Paul Xia’s nose twitches. “I did, yes,” he says. “We’ve already established there is no security footage available from the time of 9:01pm to 11:45pm.” Even his finger twitches, but he hides that better with gesticulation, widely sweeping as he explains, “If we can establish whether the cameras were disabled prior to this time or erased at some point afterwards, we may have an idea of whether or not the murder was premeditated.”
“Wouldn’t it have to be?” Felicia speaks up.
Hayden’s heartrate spikes at the sound of her voice.
“If there was an intruder, they’d have to have planned this, right?” she says, pushing herself off the doorframe and forming a small circle with her father and Charles.
Paul Xia pulls at his collar. Standing side by side, Horatio can see the resemblance between the two of them, the striking dark eyes and angled jaws, though there is nothing of Felicia’s steel in her father’s spine. Paul clears his throat. “That’s a good point,” he says, “but we’re not ruling out… a crime of passion.”

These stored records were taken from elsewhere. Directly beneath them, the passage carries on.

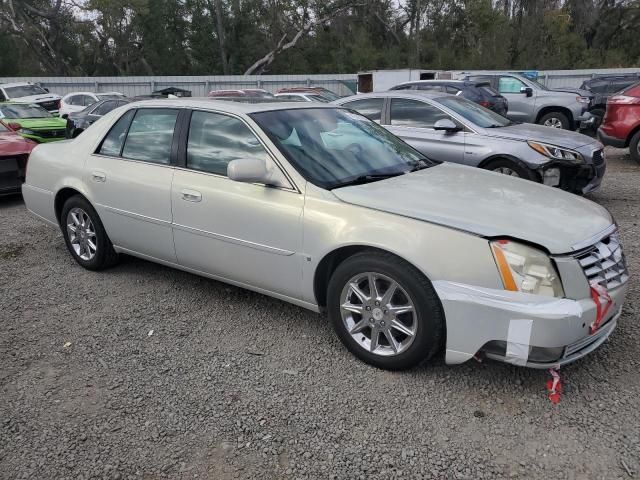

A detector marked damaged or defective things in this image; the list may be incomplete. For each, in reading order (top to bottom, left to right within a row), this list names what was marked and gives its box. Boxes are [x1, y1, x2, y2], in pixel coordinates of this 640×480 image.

damaged hood [332, 163, 612, 253]
damaged front bumper [432, 280, 628, 370]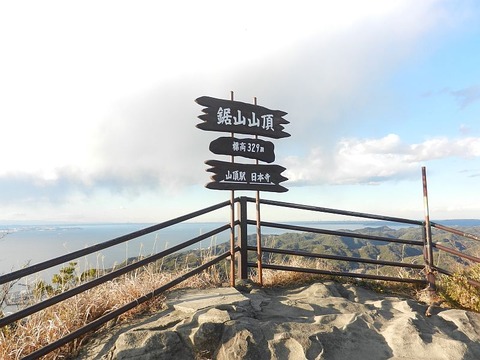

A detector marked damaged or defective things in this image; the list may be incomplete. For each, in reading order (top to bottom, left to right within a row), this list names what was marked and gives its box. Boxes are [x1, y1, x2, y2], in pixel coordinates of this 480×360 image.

rusty metal fence [0, 195, 480, 358]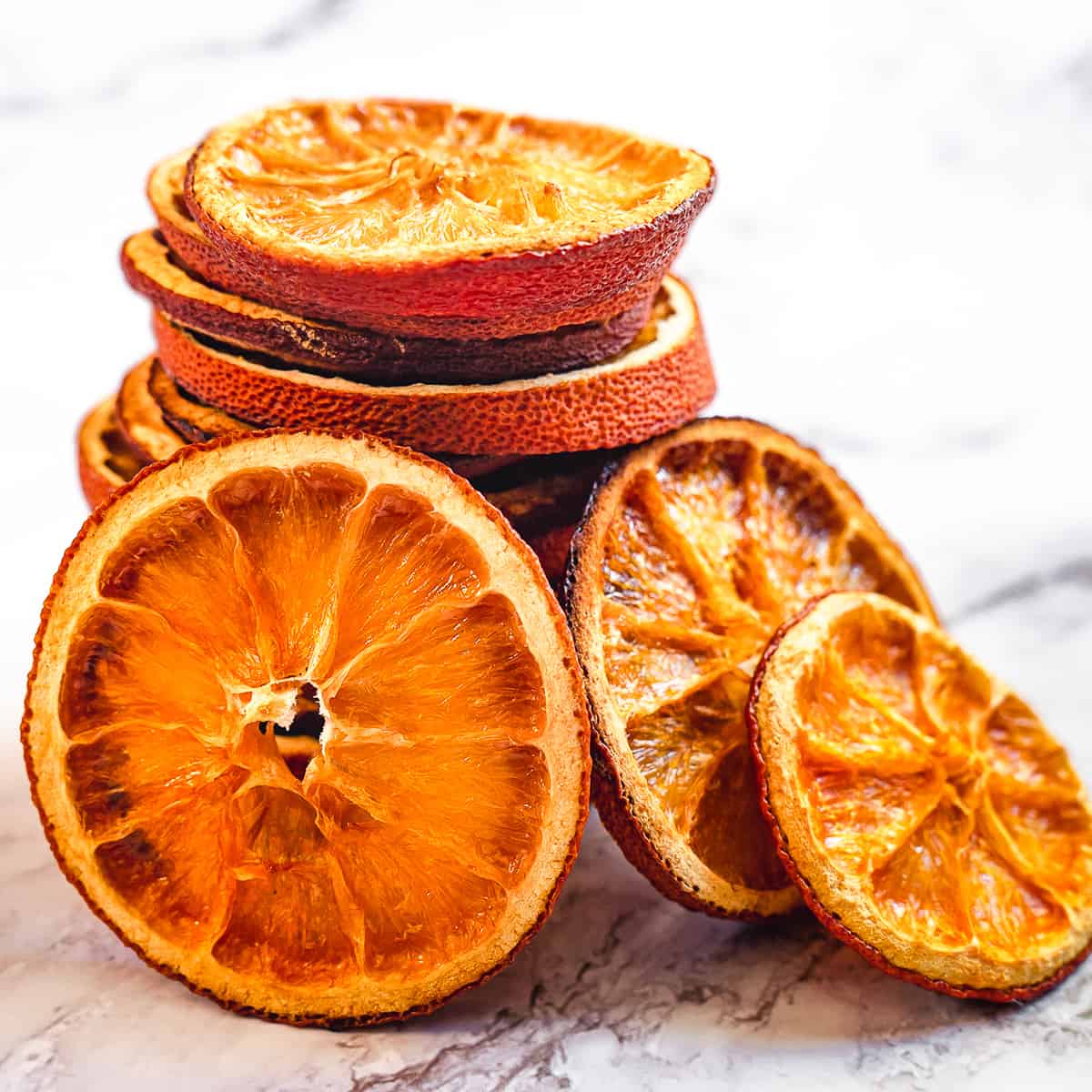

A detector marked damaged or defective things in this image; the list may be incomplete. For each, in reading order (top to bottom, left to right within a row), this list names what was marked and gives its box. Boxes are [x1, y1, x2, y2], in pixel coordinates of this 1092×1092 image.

charred edge of orange slice [125, 229, 659, 384]
charred edge of orange slice [154, 277, 716, 460]
charred edge of orange slice [186, 102, 716, 328]
charred edge of orange slice [25, 423, 590, 1022]
charred edge of orange slice [563, 417, 939, 921]
charred edge of orange slice [751, 593, 1092, 1000]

Nestled behind the small huddle, Hayden rolls his eyes.
Still, there’s truth to the statement. Horatio wonders if Charles feels any of it, the tightening of spaces in the room, the gazes of everyone around him. If it was really him, was any of it planned? It wouldn’t be difficult. The tableau laid out underneath Horatio’s cameras looks something like a stage, Charles guiding it along like he was reading from the script and waiting for them all to fall in line.

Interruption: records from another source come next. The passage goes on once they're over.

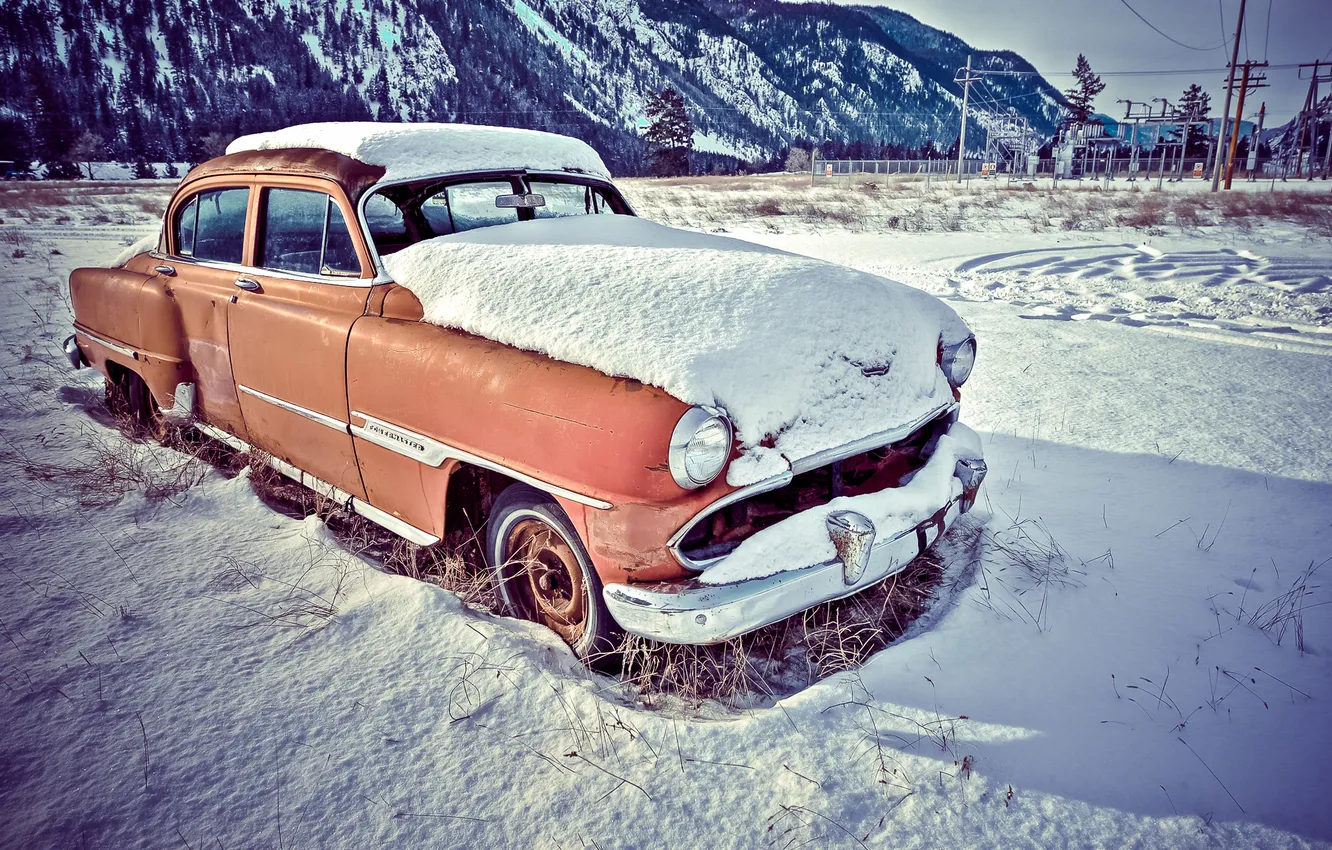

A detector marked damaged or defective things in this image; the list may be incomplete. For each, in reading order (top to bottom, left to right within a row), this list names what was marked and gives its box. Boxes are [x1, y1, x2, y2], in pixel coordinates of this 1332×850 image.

abandoned vintage car [67, 121, 980, 656]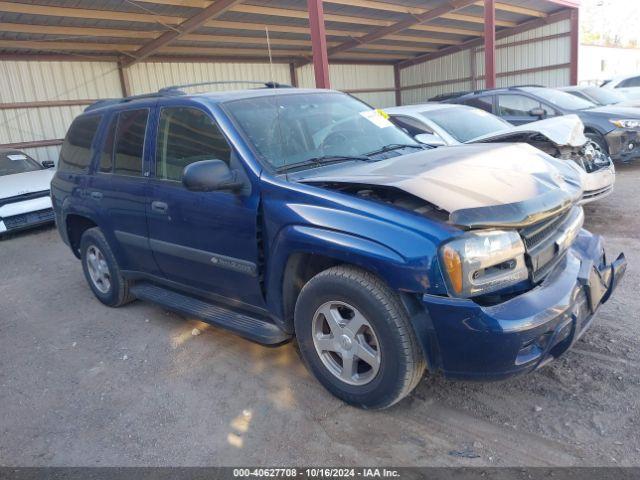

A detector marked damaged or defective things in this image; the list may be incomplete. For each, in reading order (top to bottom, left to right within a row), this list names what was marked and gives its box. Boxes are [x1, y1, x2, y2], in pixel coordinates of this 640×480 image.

crumpled hood [468, 115, 588, 148]
crumpled hood [0, 169, 54, 201]
crumpled hood [298, 143, 584, 228]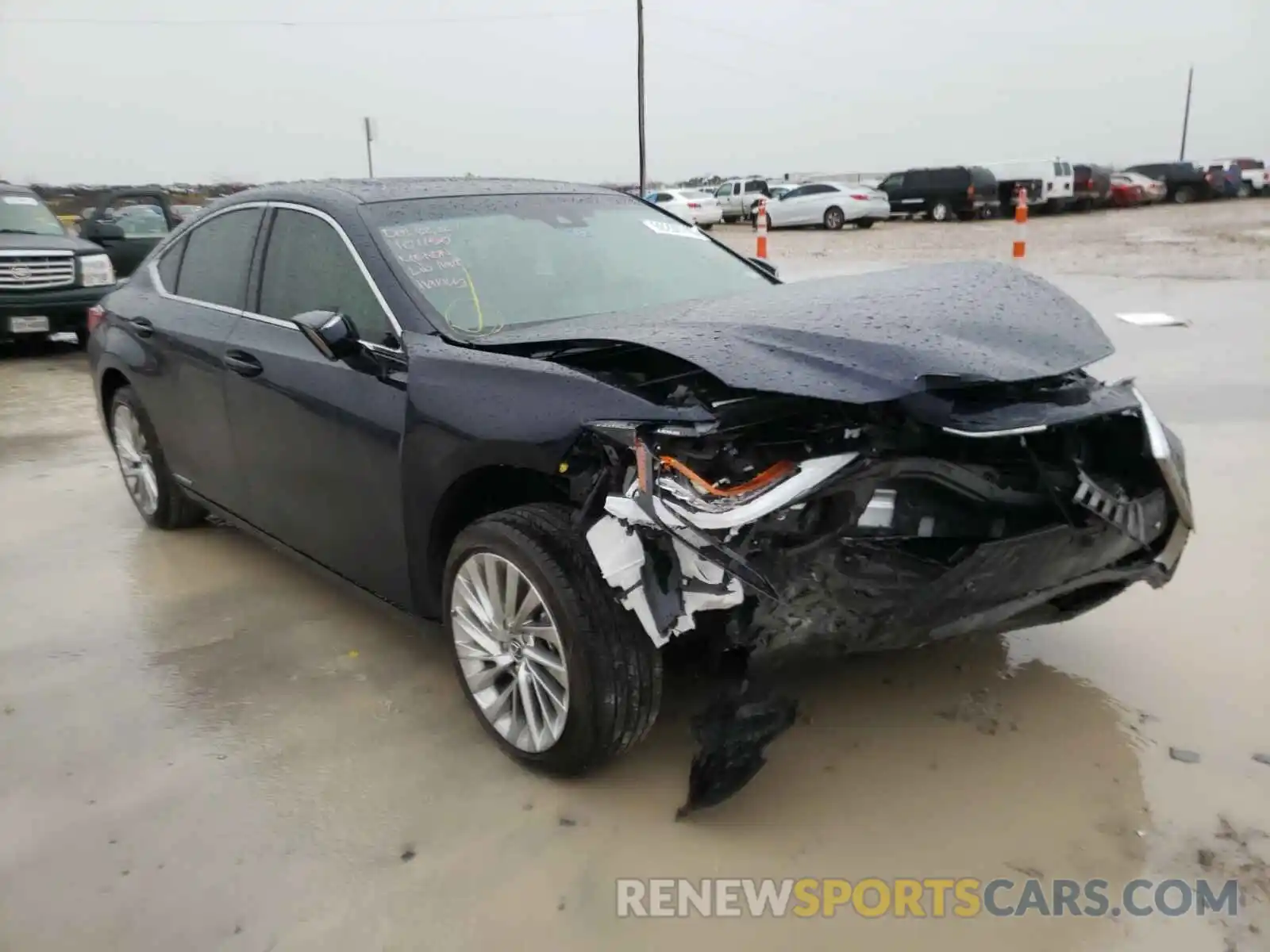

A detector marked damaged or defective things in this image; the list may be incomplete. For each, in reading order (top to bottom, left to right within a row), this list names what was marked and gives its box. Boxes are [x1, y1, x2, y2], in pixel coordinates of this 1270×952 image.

crumpled hood [479, 261, 1118, 406]
damaged front end of car [556, 365, 1188, 812]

It seemed real, when he told Hayden he would fix it. Horatio senses the lingering emotion in Hayden’s body, rosy as dawn. Hayden certainly believed it, even if only for a moment.

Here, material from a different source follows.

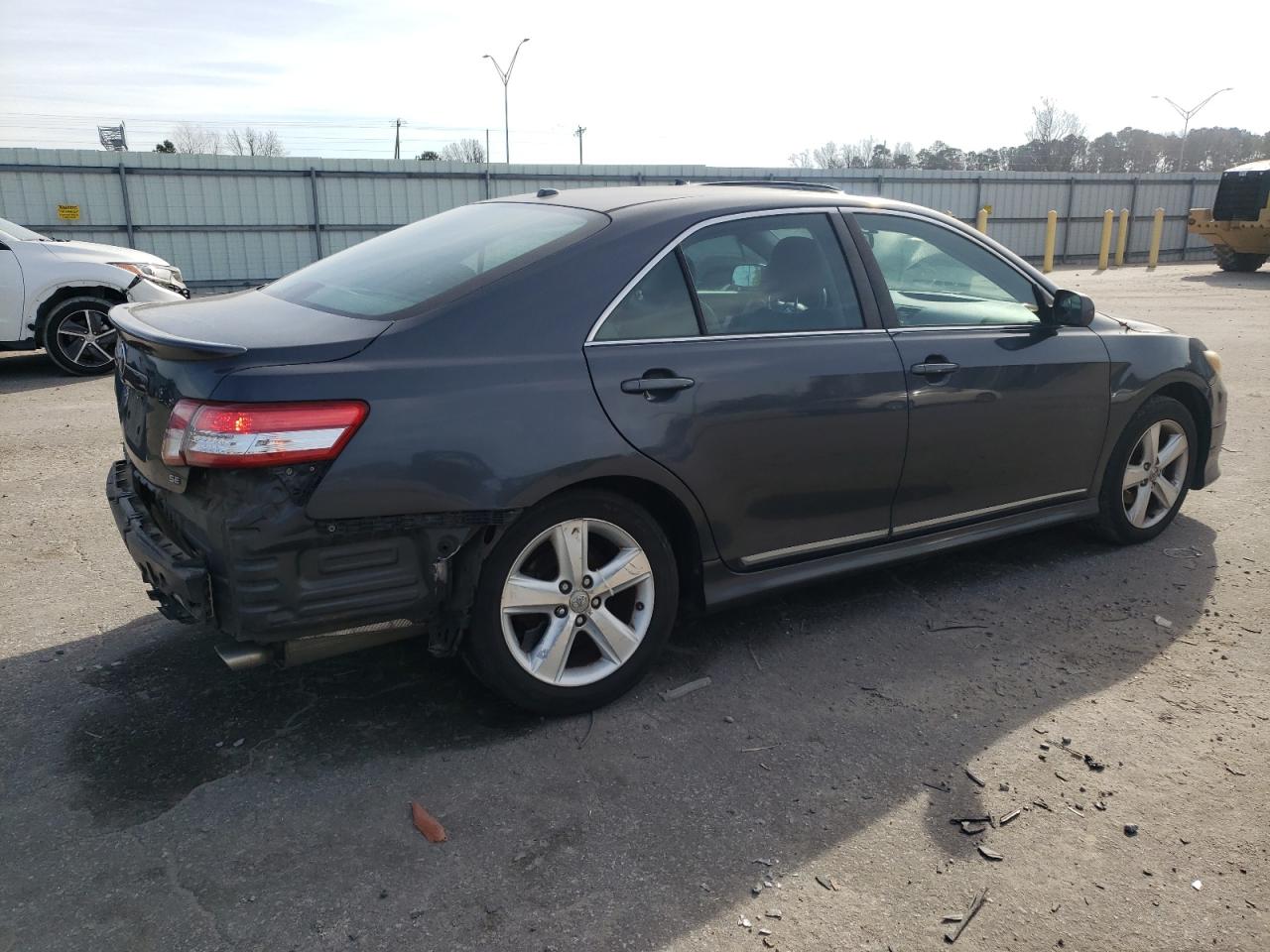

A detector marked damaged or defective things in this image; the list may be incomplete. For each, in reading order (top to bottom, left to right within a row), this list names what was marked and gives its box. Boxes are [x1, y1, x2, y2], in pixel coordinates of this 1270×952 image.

damaged rear bumper [105, 459, 510, 654]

“Horatio?” Charles suddenly calls, breaking the sullen silence.
“Yes, sir?” Horatio calls, purging his voice of everything except superficial politeness. “What can I do for you?”
“Was Graham in his lab all of tonight?”
Horatio does a quick scan of the footage he does have access to, mapping Dr Lichfield’s biometrics against the steady background hum of the recorded atmosphere in the room as he goes.
“Oh,” he says. “No, sir.”
Everyone in the room catches their breath almost at once. The temperature rises by a fraction of a degree.
Charles puts his hand to his mouth, obscuring his features. “When did he leave?”
“My system says the front door was opened with his ID a little before nine.”
“And when did he come back?”
“I don’t know.” Horatio starts up his scan again, but it cuts out into frustrating, impenetrable black before anything can become clear. “That was when the system was down.”
Charles swivels immediately over to Hayden. “And where were you?”
Hayden works his jaw. He looks small, barely a smear of colour against the white walls. “In a storage closet,” he says, “looking for supplies.”
Paul Xia frowns. “It took that long? And why didn’t you notice your father leaving?”
“I did,” Hayden says, scowling. “He told me he was meeting someone. I left for supplies around 11:30. The whole thing didn’t take very long.”
“Well,” says Charles with a contemplative hum, “regardless of what Graham was doing, the culprit has to have interacted with the system, too. Horatio, did someone access the cameras for lab room 233 earlier tonight?”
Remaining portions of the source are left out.